Records for the exercise –
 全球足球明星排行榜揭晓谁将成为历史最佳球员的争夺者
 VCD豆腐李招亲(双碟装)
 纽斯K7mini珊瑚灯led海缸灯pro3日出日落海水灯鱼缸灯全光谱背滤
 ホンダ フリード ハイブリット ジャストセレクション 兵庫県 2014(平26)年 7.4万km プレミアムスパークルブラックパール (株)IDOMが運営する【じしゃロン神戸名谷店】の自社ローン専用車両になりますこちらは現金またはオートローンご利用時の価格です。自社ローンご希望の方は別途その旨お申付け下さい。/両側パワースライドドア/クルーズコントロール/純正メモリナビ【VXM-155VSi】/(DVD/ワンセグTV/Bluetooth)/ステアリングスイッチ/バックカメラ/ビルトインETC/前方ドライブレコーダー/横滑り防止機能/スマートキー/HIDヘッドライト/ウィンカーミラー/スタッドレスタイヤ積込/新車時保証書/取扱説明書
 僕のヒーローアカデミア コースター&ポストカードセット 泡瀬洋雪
* * *
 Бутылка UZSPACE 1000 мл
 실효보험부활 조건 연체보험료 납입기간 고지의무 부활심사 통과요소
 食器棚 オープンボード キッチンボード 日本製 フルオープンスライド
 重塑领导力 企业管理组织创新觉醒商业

Task to complete – The line above containing "全球足球明星排行榜揭晓谁将成为历史最佳球员的争夺者", the line containing "僕のヒーローアカデミア コースター&ポストカードセット 泡瀬洋雪", and every line between them are to be transcribed exactly; no other line is wanted.

Solution to this problem –
 全球足球明星排行榜揭晓谁将成为历史最佳球员的争夺者
 VCD豆腐李招亲(双碟装)
 纽斯K7mini珊瑚灯led海缸灯pro3日出日落海水灯鱼缸灯全光谱背滤
 ホンダ フリード ハイブリット ジャストセレクション 兵庫県 2014(平26)年 7.4万km プレミアムスパークルブラックパール (株)IDOMが運営する【じしゃロン神戸名谷店】の自社ローン専用車両になりますこちらは現金またはオートローンご利用時の価格です。自社ローンご希望の方は別途その旨お申付け下さい。/両側パワースライドドア/クルーズコントロール/純正メモリナビ【VXM-155VSi】/(DVD/ワンセグTV/Bluetooth)/ステアリングスイッチ/バックカメラ/ビルトインETC/前方ドライブレコーダー/横滑り防止機能/スマートキー/HIDヘッドライト/ウィンカーミラー/スタッドレスタイヤ積込/新車時保証書/取扱説明書
 僕のヒーローアカデミア コースター&ポストカードセット 泡瀬洋雪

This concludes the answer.